Connelly attended the Georgia School of Technology (Georgia Tech) where he played college football for the Georgia Tech football team as a halfback during the one-platoon system era. He was nicknamed "One Minute", in reference to his entering a game against Oglethorpe University in the final minute of play and scoring a touchdown. He also competed in track in the broad jump and high hurdles. A member of the class of 1927, he joined Sigma Alpha Epsilon as a freshman. He left college after his junior season, as alluded to in the school's 1926 yearbook, evidently to work in real estate in Miami.

Connelly played professional football with the 1926 Newark Bears in the first American Football League (AFL), with several other former Georgia Tech players including Jimmy Brewster, Ike Williams, and Doug Wycoff. He was listed at 5 ft 8 in and 170 lb with Newark.

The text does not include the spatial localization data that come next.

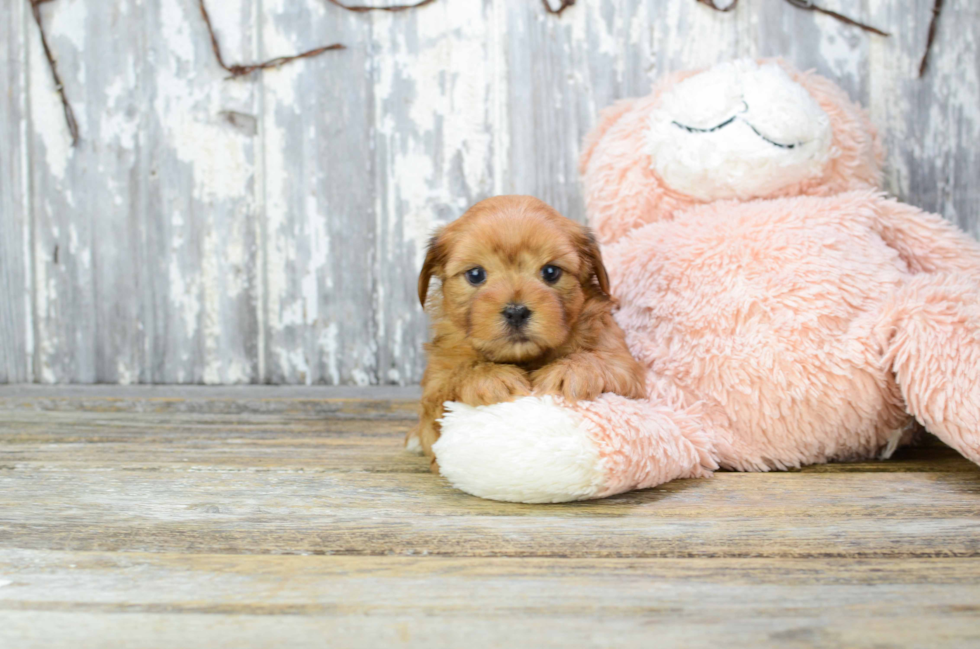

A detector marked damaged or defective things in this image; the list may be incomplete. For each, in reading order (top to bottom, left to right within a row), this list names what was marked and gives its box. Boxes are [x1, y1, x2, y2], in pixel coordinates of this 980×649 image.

peeling gray paint [1, 0, 980, 382]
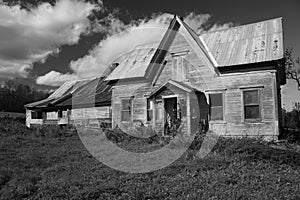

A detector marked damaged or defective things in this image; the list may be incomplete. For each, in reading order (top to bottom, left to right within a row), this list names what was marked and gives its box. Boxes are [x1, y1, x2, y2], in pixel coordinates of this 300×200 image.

rusty metal roofing [106, 42, 161, 80]
rusty metal roofing [199, 17, 284, 67]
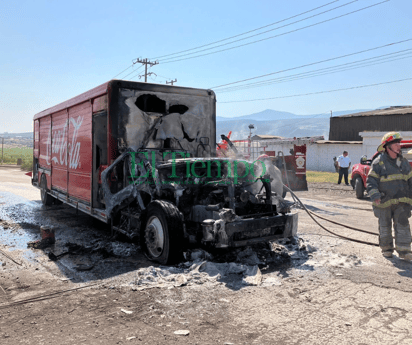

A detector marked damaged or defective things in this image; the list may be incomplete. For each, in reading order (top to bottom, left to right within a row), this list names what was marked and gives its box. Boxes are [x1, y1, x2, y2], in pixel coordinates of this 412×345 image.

burned truck [31, 80, 296, 264]
charred truck cab [31, 80, 296, 264]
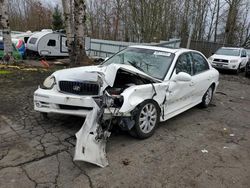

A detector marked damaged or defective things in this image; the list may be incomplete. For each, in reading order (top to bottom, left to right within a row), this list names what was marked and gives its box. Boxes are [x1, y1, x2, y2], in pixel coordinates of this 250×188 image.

damaged hood [53, 63, 161, 86]
detached bumper [34, 88, 97, 117]
cracked pavement [0, 70, 250, 187]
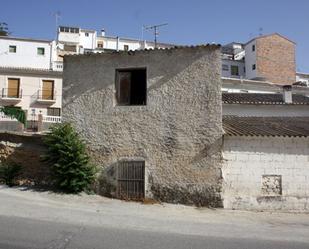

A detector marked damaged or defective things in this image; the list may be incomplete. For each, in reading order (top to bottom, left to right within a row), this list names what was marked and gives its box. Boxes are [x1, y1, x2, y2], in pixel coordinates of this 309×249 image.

rusted metal door [116, 161, 144, 200]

From March 1929 to March 1930, Connelly was the advertising and business manager of the National Aeronautic Association, based in Washington, D.C. In early 1945, Connelly and his wife purchased a "home of distinction" on Collins Avenue in Miami Beach, Florida. Connelly was evidently an angler, having caught a 23 lb barracuda during a fishing tournament in March 1947.

As of 1956, Connelly was active in real estate development in Fort Lauderdale, Florida, and Washington, D.C. In September 1957, he bought the Everglades Hotel in Miami for $2 million . He subsequently took out a mortgage on the property from the Teamsters Union, who foreclosed on the mortgage and acquired the property in 1960. By April 1963, Connelly was bankrupt. In May 1964, Connelly testified in court that he was required to pay 10% of the amount he borrowed from the Teamsters, then led by Jimmy Hoffa, as under-the-table commissions. Hoffa was convicted of fraud for his involvement with loans and kickbacks, including for the Everglades Hotel.

Connelly was married to M. Louise Connelly. She was also active in real estate; in 1959, the company she led purchased the historic Langford Building in Miami from the estate of Louis B. Mayer. As of mid-1967, the couple was living in Alexandria, Virginia.